**Exercise brief:**
Retype the data that follows, keeping every character the same.

*** Stored data Section Begins ***

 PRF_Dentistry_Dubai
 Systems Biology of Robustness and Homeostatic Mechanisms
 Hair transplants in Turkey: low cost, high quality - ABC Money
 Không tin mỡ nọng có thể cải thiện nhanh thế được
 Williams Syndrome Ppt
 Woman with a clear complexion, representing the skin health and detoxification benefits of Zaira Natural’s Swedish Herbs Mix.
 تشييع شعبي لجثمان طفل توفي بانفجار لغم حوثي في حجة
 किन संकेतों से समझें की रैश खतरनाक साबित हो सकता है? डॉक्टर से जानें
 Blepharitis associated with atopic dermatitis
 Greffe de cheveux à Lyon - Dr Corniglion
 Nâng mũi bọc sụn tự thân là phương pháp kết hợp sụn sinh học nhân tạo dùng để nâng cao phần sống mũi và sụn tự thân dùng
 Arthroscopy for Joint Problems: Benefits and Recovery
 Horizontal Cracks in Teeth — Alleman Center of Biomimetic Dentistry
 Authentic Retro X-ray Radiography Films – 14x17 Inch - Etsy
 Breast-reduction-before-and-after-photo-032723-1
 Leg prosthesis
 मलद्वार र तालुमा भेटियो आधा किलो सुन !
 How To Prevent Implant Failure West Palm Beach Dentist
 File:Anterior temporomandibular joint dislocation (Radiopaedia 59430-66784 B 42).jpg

*** Stored data Section Ends ***

**Written solution:**
 PRF_Dentistry_Dubai
 Systems Biology of Robustness and Homeostatic Mechanisms
 Hair transplants in Turkey: low cost, high quality - ABC Money
 Không tin mỡ nọng có thể cải thiện nhanh thế được
 Williams Syndrome Ppt
 Woman with a clear complexion, representing the skin health and detoxification benefits of Zaira Natural’s Swedish Herbs Mix.
 تشييع شعبي لجثمان طفل توفي بانفجار لغم حوثي في حجة
 किन संकेतों से समझें की रैश खतरनाक साबित हो सकता है? डॉक्टर से जानें
 Blepharitis associated with atopic dermatitis
 Greffe de cheveux à Lyon - Dr Corniglion
 Nâng mũi bọc sụn tự thân là phương pháp kết hợp sụn sinh học nhân tạo dùng để nâng cao phần sống mũi và sụn tự thân dùng
 Arthroscopy for Joint Problems: Benefits and Recovery
 Horizontal Cracks in Teeth — Alleman Center of Biomimetic Dentistry
 Authentic Retro X-ray Radiography Films – 14x17 Inch - Etsy
 Breast-reduction-before-and-after-photo-032723-1
 Leg prosthesis
 मलद्वार र तालुमा भेटियो आधा किलो सुन !
 How To Prevent Implant Failure West Palm Beach Dentist
 File:Anterior temporomandibular joint dislocation (Radiopaedia 59430-66784 B 42).jpg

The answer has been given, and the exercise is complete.